Battle of Issus in 333 BC was the first direct conflict of the Macedonian King Alexander the Great and Persian Great King Darius III. In the battle of Granicus, which took place one year before this battle, the Persian troops and Greek mercenaries in the service of the Persian satraps were defeated by Alexander.
Alexander proceeded along the western coast of Asia Minor to the Persian inland after the battle of Granicus. Alexander heard in Tarsus that Darius gathers a huge army. Alexander had to prevent the army of Darius to combine with the Persian fleet, which still operated in the Mediterranean Sea. If Darius combined with the fleet, Persians would not have problems with supplying and Darius could land in the rear of Alexander’s army as well.

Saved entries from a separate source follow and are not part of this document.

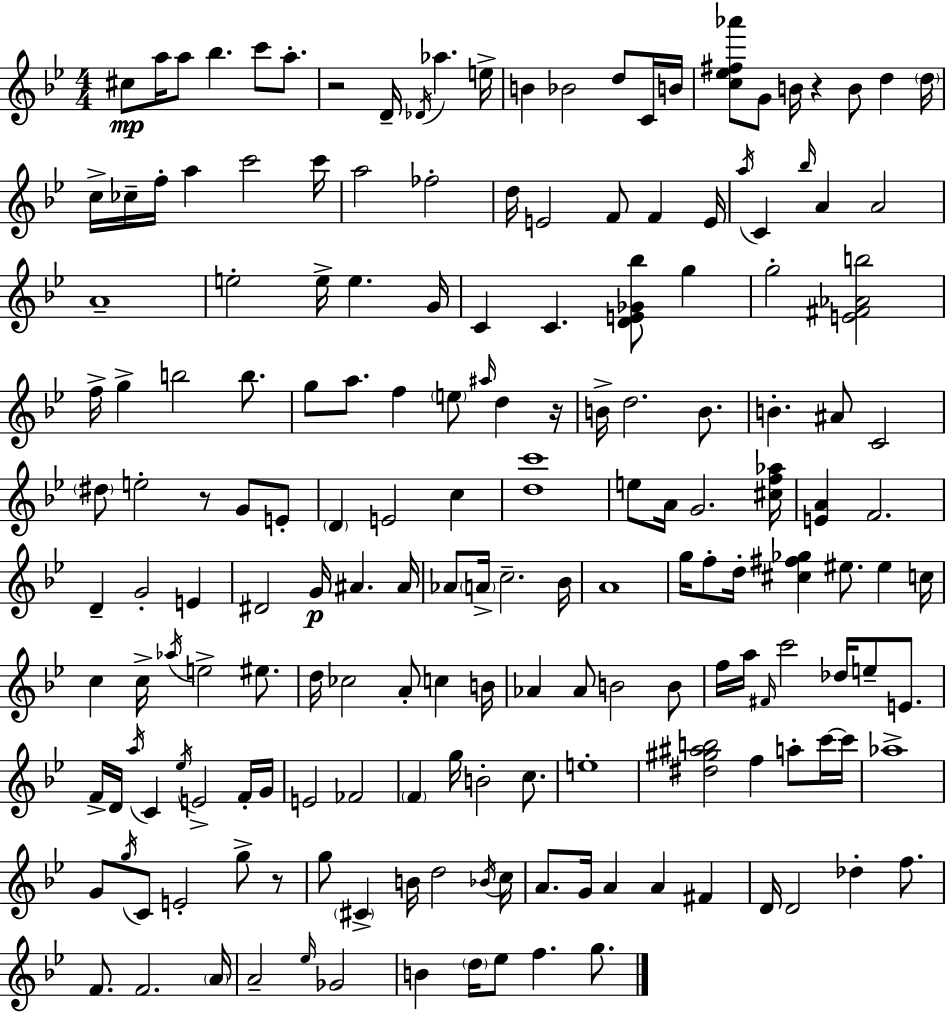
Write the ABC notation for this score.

X:1
T:Untitled
M:4/4
L:1/4
K:Gm
^c/2 a/4 a/2 _b c'/2 a/2 z2 D/4 _D/4 _a e/4 B _B2 d/2 C/4 B/4 [c_e^f_a']/2 G/2 B/4 z B/2 d d/4 c/4 _c/4 f/4 a c'2 c'/4 a2 _f2 d/4 E2 F/2 F E/4 a/4 C _b/4 A A2 A4 e2 e/4 e G/4 C C [DE_G_b]/2 g g2 [E^F_Ab]2 f/4 g b2 b/2 g/2 a/2 f e/2 ^a/4 d z/4 B/4 d2 B/2 B ^A/2 C2 ^d/2 e2 z/2 G/2 E/2 D E2 c [dc']4 e/2 A/4 G2 [^cf_a]/4 [EA] F2 D G2 E ^D2 G/4 ^A ^A/4 _A/2 A/4 c2 _B/4 A4 g/4 f/2 d/4 [^c^f_g] ^e/2 ^e c/4 c c/4 _a/4 e2 ^e/2 d/4 _c2 A/2 c B/4 _A _A/2 B2 B/2 f/4 a/4 ^F/4 c'2 _d/4 e/2 E/2 F/4 D/4 a/4 C _e/4 E2 F/4 G/4 E2 _F2 F g/4 B2 c/2 e4 [^d^g^ab]2 f a/2 c'/4 c'/4 _a4 G/2 g/4 C/2 E2 g/2 z/2 g/2 ^C B/4 d2 _B/4 c/4 A/2 G/4 A A ^F D/4 D2 _d f/2 F/2 F2 A/4 A2 _e/4 _G2 B d/4 _e/2 f g/2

Alexander sent Parmenion with 15,000 men ahead to occupy the mountain passes on the borders of Syria and Cilicia, before the Persian could reach them. Alexander waited with the main army in Tarsus and when Parmenion completed this task, Alexander set out with his army to Issus.
The Persian army moved forward from Babylon to Syria in November. Darius followed the northerly way, because he knew that Parmenion controlled the Syrian passes. He left the Syrian plains and marched towards Issus with his large army. He occupied Issus without resistance and let cut off hands of all ill and wounded soldiers Alexander left there. Darius found himself in the rear of the Macedonians and so he cut them off from their supply lines and set out to chase them immediately.
When Alexander realised that Darius was in the rear of him, he ordered the army to return immediately back to Issus. From a topographical point of view the battlefield was clamped by high mountains on one side and by the Mediterranean Sea on the other side. So the Persians could not fully take advantage of their superiority in numbers, which was very advantageous for Alexander.
Course of the battle of Issus
Alexander placed most of his cavalry on the right wing, where he also commanded the whole battle from. The core of the Macedonian group consisted of phalanx. Parmenion’s cavalry and infantry assumed the position on its left wing near to the sea.
Darius sent his heavy cavalry on the right side against Parmenion, because the local flat terrain was perfect for a cavalry attack. The centre of the Persian line was occupied by Greek mercenaries. Only lightly armed Persian infantry should traditionally operate on the left.
The battle was started by the Persian cavalry with crossing the river and attacking the Parmenion’s troops. Alexander together with the Macedonian heavy cavalry set out to meet the enemy to break through the Persian light infantry. It actually yielded under the attack, but it did not retreat and continued in fighting. Alexander gradually fought his way to Darius, who fled from the battle.
Alexander's phalanx crossed the wild mountain river Pinarus, but the formation was disrupted then. The Greeks in the service of Darius used this situation and gave them considerable losses. Also Parmenion’s situation was becoming serious. Persian cavalry pushed Alexander's Peloponnesian cavalry and his Greek allies there. Alexander sent his cavalry to help Parmenion, but Persian cavalry did not halt its movement till they saw the King’s escape. Alexander ordered to slaughter the fleeing enemy infantry.
Consequences of the Battle of Issus
Thanks to the victory at Issus Alexander seized the entire western half of the Persian Empire. His dream of dominating Asia began to approach its fulfilment. Darius III offered to leave him the control over the territory beyond the Halys River and eternal alliance between the two empires in exchange for release of his family members. Alexander refused his proposal without hesitation.